FAQ#

How do I retrieve a vertex by its property map value?#

There are two ways to achieve this. The first is using the find_vertex() function that searches for all vertices with a given property map value. However, this function has a \(O(N)\) complexity, where \(N\) is the number of nodes. This means that it can be inefficient if the search is performed frequently.

The second approach is to perform this lookup quickly, in \(O(1)\) time, but it requires the user to keep her own dictionary that maps vertices to property values, e.g.:

>>> from collections import defaultdict
>>> g = gt.Graph()
>>> g.gp.vmap = g.new_gp("object", val=defaultdict(list))
>>> def add_vertex(g, prop, value):
...    v = g.add_vertex()
...    prop[v] = value
...    g.gp.vmap[value].append(v)
...    return g
>>> name = g.new_vp("string")
>>> add_vertex(g, name, "bob")
<...>
>>> add_vertex(g, name, "eve")
<...>
>>> add_vertex(g, name, "steve")
<...>
>>> g.gp.vmap["eve"]
[<Vertex object with index '1' at 0x...>]

Why not include this functionality automatically?

Property map values are not guaranteed to be unique, therefore there’s no inherent bijection between property map values and their corresponding vertices.

Note that, in the example above, the user still needs to manually modify g.gp.vmap whenever a value of the property map name has changed.
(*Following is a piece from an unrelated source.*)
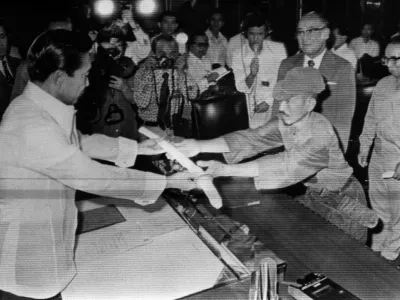 This picture taken on March 11, 1974 shows former Japanese imperial army soldier Hiroo Onoda (R) offering his military sword to former Philippine President Ferdinand Marcos (L) to express his surrender at the Malacanan Palace in Manila. Onoda, who hid in the Philippine jungle for three decades because he did not believe World War II was over, has died in Tokyo on January 17, 2014, at the age of 91. The former soldier waged a guerilla campaign in Lubang Island near Luzon until he was finally persuaded in 1974 that peace had broken out.  JAPAN OUT,Image: 182171991, License: Rights-managed, Restrictions: JAPAN OUT, Model Release: noFoto: Profimedia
To enforce this kind of bookkeeping throughout the library would incur a prohibitive performance cost — not to mention a significant increase in complexity.

Is it possible to perform modularity maximization with graph-tool?#

It is in fact possible to perform modularity maximization with graph-tool. For that you need to use the ModularityState object instead of graph_tool.inference.BlockState, as documented in the section Inferring modular network structure, e.g.

>>> g = gt.collection.data["football"]
>>> state = gt.minimize_blockmodel_dl(g, state=gt.ModularityState)

Danger

Using modularity maximization is almost always a terrible idea.

Modularity maximization is a substantially inferior method to the inference-based ones that are implemented in graph-tool, since it does not possess any kind of statistical regularization. Among many other problems, the method tends to massively overfit empirical data.

For a more detailed explanation see “Modularity maximization considered harmful”, as well as [peixoto-descriptive-2023].

Do not use this approach in the analysis of networks without understanding the consequences. This algorithm is included only for comparison purposes. In general, the inference-based approaches based on BlockState, NestedBlockState, and PPBlockState should be universally preferred.

How do I cite graph-tool?#

You can cite graph-tool in your publications as follows:

Tiago P. Peixoto, “The graph-tool python library”, figshare. (2014) DOI: 10.6084/m9.figshare.1164194 [sci-hub, @tor]

Here is a more convenient BibTeX entry:

@article{peixoto_graph-tool_2014,
         title = {The graph-tool python library},
         url = {http://figshare.com/articles/graph_tool/1164194},
         doi = {10.6084/m9.figshare.1164194},
         urldate = {2014-09-10},
         journal = {figshare},
         author = {Peixoto, Tiago P.},
         year = {2014},
         keywords = {all, complex networks, graph, network, other}}

More information can be found at the figshare site.